Anyone working in digital marketing is aware that there is need for some level of intelligent automation in their role. Every booth at every trade show mentions AI in some form or other, from personalisation to packing machines. If you are selling at any scale you are looking for tools to help you with that, whether that be pricing, demand forecasting, targeting, or optimising product placement in search and categories, you recognise that scale comes at a cost, as well as a loss of efficiencies, and there is a limit to how many humans we can apply to the problem before we come up against the wall of diminishing returns.
There is more to your business than efficiencies though, right? If we ultimately optimised everything for efficiency then the only remaining differentiators would be product and cost, and you have put in the work, both in marketing and in your product delivery, to build a sense of loyalty and trust in your brand’s integrity.
So how do you introduce machine learning, while maintaining your hard-earned brand? eBay and Amazon product pages can have widgets numbering into the dozens, and they all provide ROI, but unless you are competing purely on price, that is not a viable option for you.
For the last 15 years or so (yes, I know it is longer, but I am trying to cling to my youth) working in personalised search, I had been driving home the message, to anyone who would listen to me, of the integral need for a ’man plus machine’ approach, and that is still as relevant today as it was in 2004, although I am trying to switch my language away from ‘man’ now, so perhaps ‘calculated then curated’ would work better now?
We are well into fourth industrial revolution now, and we need to ensure that we use AI intelligently (pun unintended) to do the heavy lifting and grunt work, without sullying the personality which you, as an expert on your brand, bring to the party.
This is a double win too, because automating work that can be machine-led also frees you up for the work that still needs a personal element, which is not only good for business, it is good for you too. You have can focus your efforts on the things you joined this industry to do, the things you are good at, the things you enjoy. The things that make a difference.
The old analogy is still building an art gallery – carrying blocks around in barrows, moving them in hods, creating walls, building a roof, painting, wiring, decorating and plumbing, and only then placing the sculptures and hanging the paintings. Almost all of that is something that should be outsources – what you are good at, what you love, where you stand out from the, is the selection, presentation, and curation of the artwork. Nobody cares about the piping or the wiring, or how hard you pushed the barrow – those elements need to work, and they need to be efficient, but they are not your brand.
The analogy is still used, because it still applies – your customers do not give a fig what your stack looks like, so long as your website is fast, stable, reliable, and secure. What customers do care about is being able to find your products quickly and easily, and the experience they have on that journey. They want an interaction which feels right to them – that you ‘get’ them – and they want to feel an affiliation with your brand.
That is the human touch, the curation, and it is where you want to focus, and you know that, but what can be hard is knowing how to manage that.
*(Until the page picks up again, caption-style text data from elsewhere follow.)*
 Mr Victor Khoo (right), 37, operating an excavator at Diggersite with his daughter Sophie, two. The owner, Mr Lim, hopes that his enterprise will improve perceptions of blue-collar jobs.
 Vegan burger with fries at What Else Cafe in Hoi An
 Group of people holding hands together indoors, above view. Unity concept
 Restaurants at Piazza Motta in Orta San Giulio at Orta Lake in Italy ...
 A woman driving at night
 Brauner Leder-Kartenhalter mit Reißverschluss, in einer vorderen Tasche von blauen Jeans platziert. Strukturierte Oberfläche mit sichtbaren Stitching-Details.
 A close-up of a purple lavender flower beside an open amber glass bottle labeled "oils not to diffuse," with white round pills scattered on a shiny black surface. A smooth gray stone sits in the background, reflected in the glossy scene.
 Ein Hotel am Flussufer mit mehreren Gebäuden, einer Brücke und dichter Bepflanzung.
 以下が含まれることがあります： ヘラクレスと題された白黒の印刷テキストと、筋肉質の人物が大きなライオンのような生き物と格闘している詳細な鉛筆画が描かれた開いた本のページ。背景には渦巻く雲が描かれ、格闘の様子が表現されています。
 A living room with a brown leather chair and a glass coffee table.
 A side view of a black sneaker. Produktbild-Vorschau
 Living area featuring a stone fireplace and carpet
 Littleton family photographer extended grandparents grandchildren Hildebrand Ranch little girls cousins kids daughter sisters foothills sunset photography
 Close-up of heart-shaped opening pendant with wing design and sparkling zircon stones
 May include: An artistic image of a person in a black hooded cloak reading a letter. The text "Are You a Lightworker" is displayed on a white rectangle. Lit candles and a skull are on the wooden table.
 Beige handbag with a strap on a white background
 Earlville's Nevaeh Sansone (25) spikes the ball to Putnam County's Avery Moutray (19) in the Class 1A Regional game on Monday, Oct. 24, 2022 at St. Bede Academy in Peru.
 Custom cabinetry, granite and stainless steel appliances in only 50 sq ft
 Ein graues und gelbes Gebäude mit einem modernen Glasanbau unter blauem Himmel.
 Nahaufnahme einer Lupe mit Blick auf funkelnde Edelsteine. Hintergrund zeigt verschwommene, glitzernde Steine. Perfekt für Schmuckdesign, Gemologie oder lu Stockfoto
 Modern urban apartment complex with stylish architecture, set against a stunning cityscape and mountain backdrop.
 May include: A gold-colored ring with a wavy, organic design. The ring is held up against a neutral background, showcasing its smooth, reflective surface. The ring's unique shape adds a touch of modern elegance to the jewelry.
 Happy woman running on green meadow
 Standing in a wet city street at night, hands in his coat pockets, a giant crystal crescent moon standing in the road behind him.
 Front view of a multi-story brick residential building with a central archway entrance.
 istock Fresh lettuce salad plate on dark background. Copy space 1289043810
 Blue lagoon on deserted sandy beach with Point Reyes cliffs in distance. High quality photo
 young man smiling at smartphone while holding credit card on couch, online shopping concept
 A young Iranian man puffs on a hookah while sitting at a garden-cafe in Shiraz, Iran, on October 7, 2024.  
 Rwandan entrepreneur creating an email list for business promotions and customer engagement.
It matters not one iota how good AI is at automating jobs, if we cannot embed that automation in your workflows and procedures.
The tactical application of AI, to carry out repetitive tasks and to take the heavy lifting out of data analysis and personalisation, is not just a wish list item anymore, you need it, and every SaaS vendor you talk to will have a solution that will help you. There is work to be done to select the right tools for your business, but the tools are either out there, or are being developed, but be sure that they are truly automating. If a machine can get your search results in the optimal configuration from the data, and all you need to do is tidy them up, then it is working for you, but you probably have thousands of search results pages, so you are still doing some manual work.
Once you have that automation in place, you still need to add your brand on top of that and, unless you know which opportunities need addressing next in your priority queue, you are back to donkey work – pouring over content and results to identify which areas are most deserving of your labour.
To work for your brand, intelligent automation needs to prioritise your opportunities, identify the tasks which will have the greatest ROI in terms of your KPIs and then guide you (and all other relevant stakeholders) through that journey. Without workflows which recognise the areas of your site which have issues, measure them against internal benchmarks, identify and (more importantly), prioritise opportunities and then guide you and your team through execution and delivery, your AI is just another manual tool.
Only with intelligent, prioritised workflows can you trade your site intelligently, focussing on the brand experience and trusting the AI to pick up the heavy lifting and identify your next areas of focus, so that you do not have to push the wheelbarrow around, you can focus on displaying your Kurt Jacksons and Henry Moores.